======== GIVEN MATERIAL

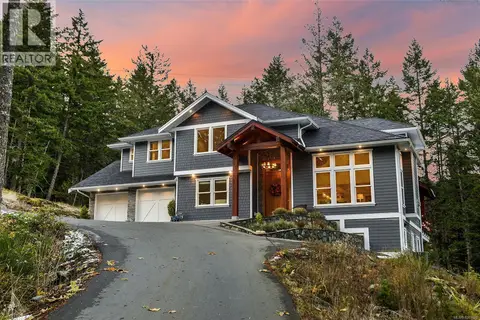 1789 York Ridge Pl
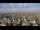 Webcam in Hörnum (Sylt), 0.3 mi away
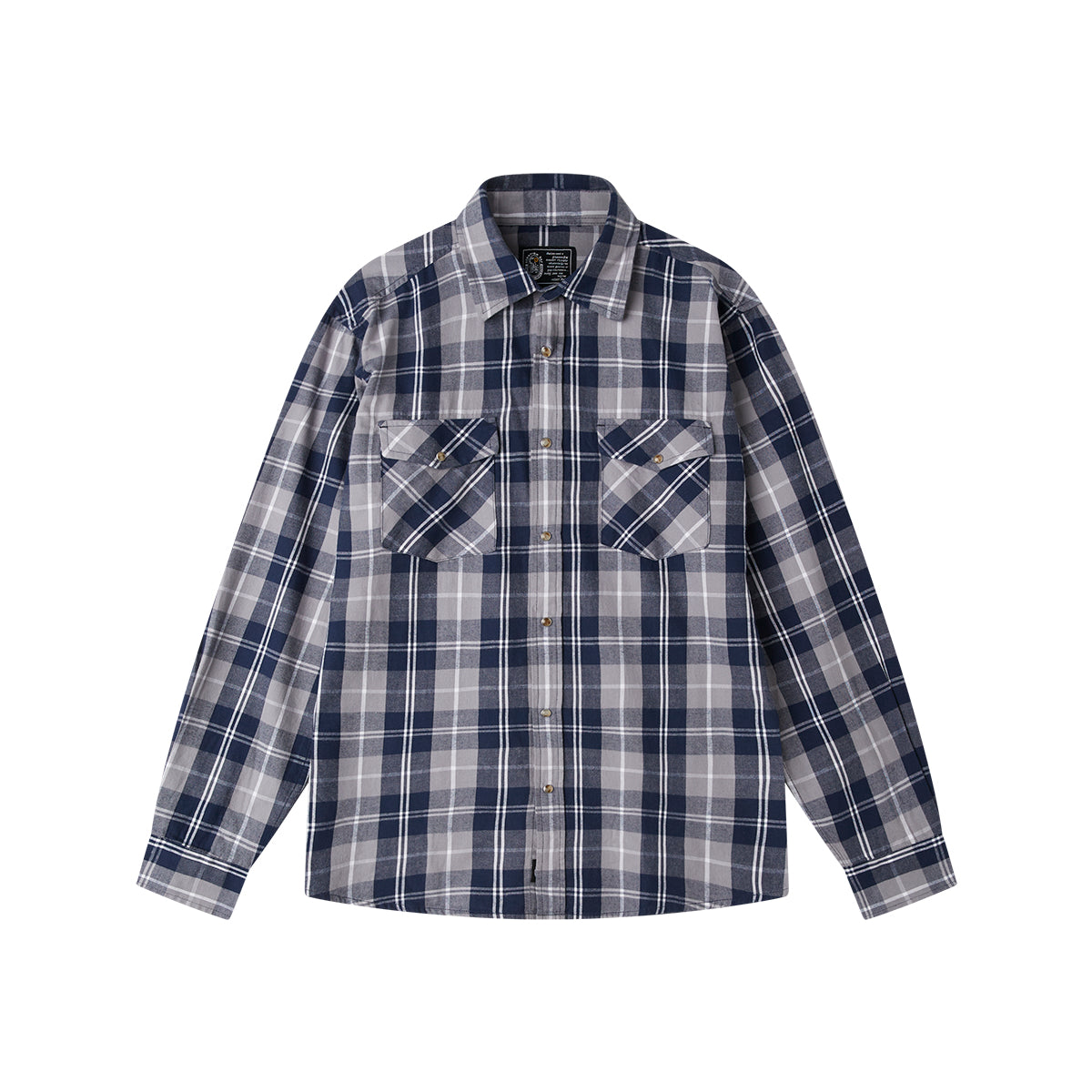 HERMKO 16040 Confezione Da 2 Maglia Sportiva Da Uomo Con Scollo Tondo Groesse Herren 6 Xl Farbe Nero 106930004 HERMKO 16040 Confezione Da 2 Maglia Sportiva Da Uomo Con Scollo Tondo Groesse Herren 6 Xl Farbe Nero 106930004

================

Please transcribe the listing exactly as it stands, but omit its pictures.

**ANSWER:**
 1789 York Ridge Pl
 Webcam in Hörnum (Sylt), 0.3 mi away
 HERMKO 16040 Confezione Da 2 Maglia Sportiva Da Uomo Con Scollo Tondo Groesse Herren 6 Xl Farbe Nero 106930004 HERMKO 16040 Confezione Da 2 Maglia Sportiva Da Uomo Con Scollo Tondo Groesse Herren 6 Xl Farbe Nero 106930004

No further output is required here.